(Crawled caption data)
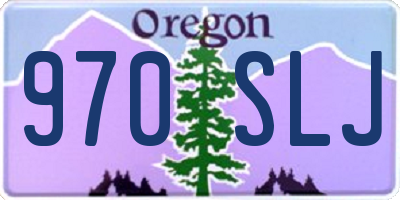 OR license plate 970SLJ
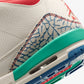 JORDAN | AIR JORDAN 3 RETRO "PLAY YOUR WAY" (GS) { CHALK/TRACK RED-TRUE BLUE-KINETIC GREEN
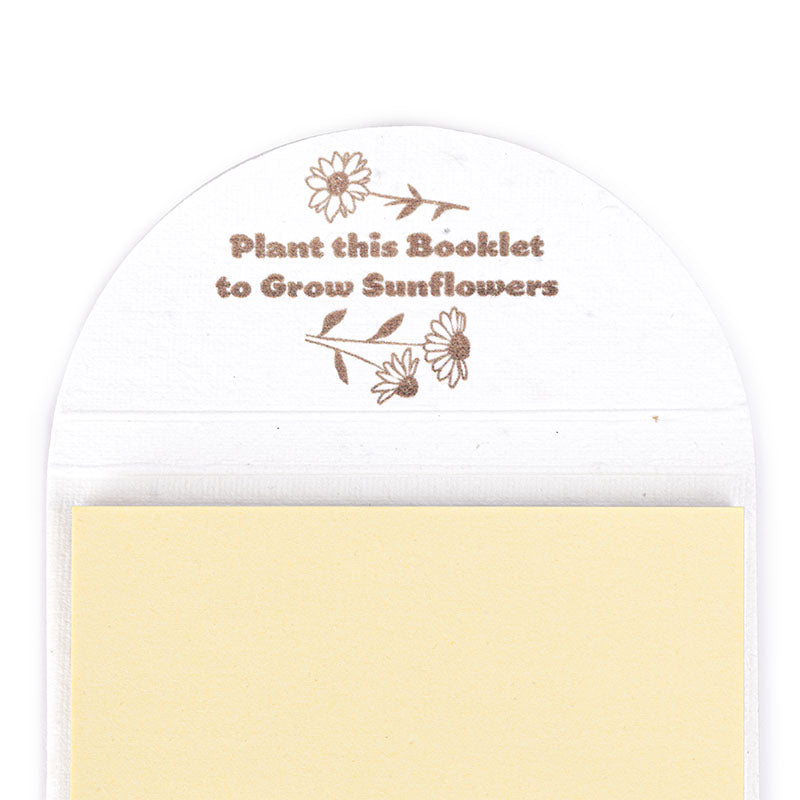 Biodegradable Notes Biodegradable Flower Seeded Sticky Note Pad – High Caliber Line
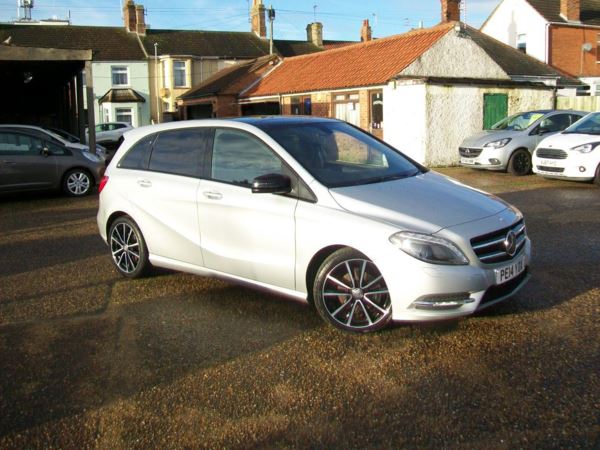 2014 (14) Mercedes-Benz B CLASS B180 CDI Sport 5dr, £35 tax, Panoramic roof, Leather, Reversing camera. For Sale In Lowestoft, Suffolk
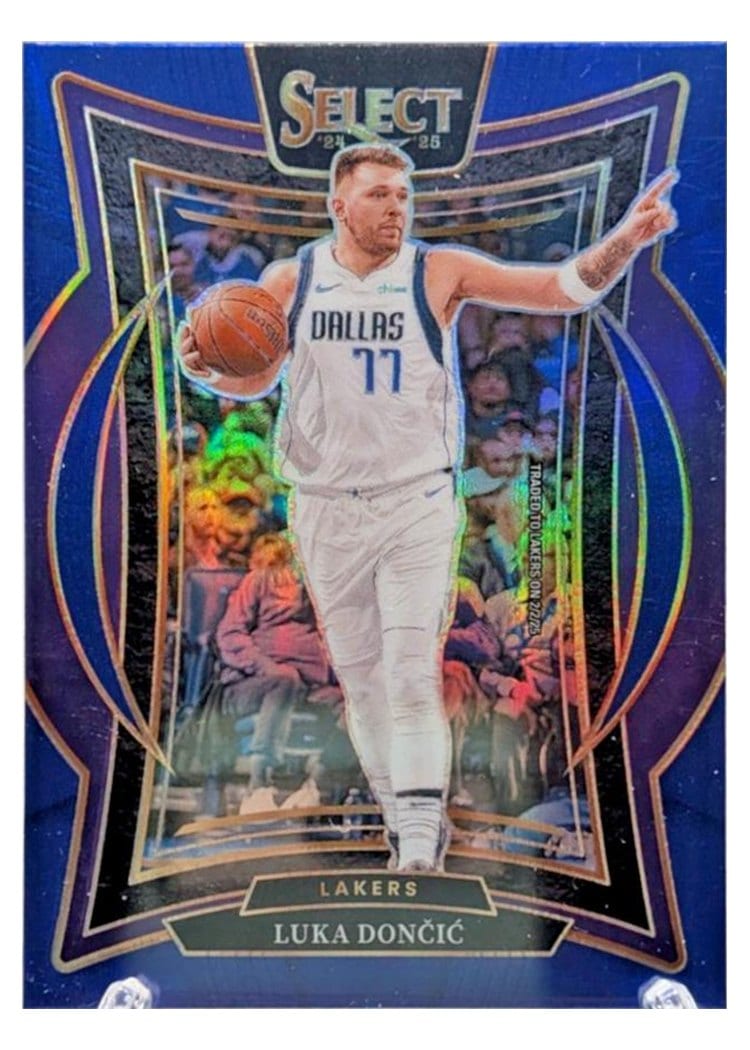 2024-25 Panini Select Base Set Luka Doncic #56 card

Work instructions ->
What is needed here is an exact transcript of the data above, pictures excluded.

Solution to this task ->
 OR license plate 970SLJ
 JORDAN | AIR JORDAN 3 RETRO "PLAY YOUR WAY" (GS) { CHALK/TRACK RED-TRUE BLUE-KINETIC GREEN
 Biodegradable Notes Biodegradable Flower Seeded Sticky Note Pad – High Caliber Line
 2014 (14) Mercedes-Benz B CLASS B180 CDI Sport 5dr, £35 tax, Panoramic roof, Leather, Reversing camera. For Sale In Lowestoft, Suffolk
 2024-25 Panini Select Base Set Luka Doncic #56 card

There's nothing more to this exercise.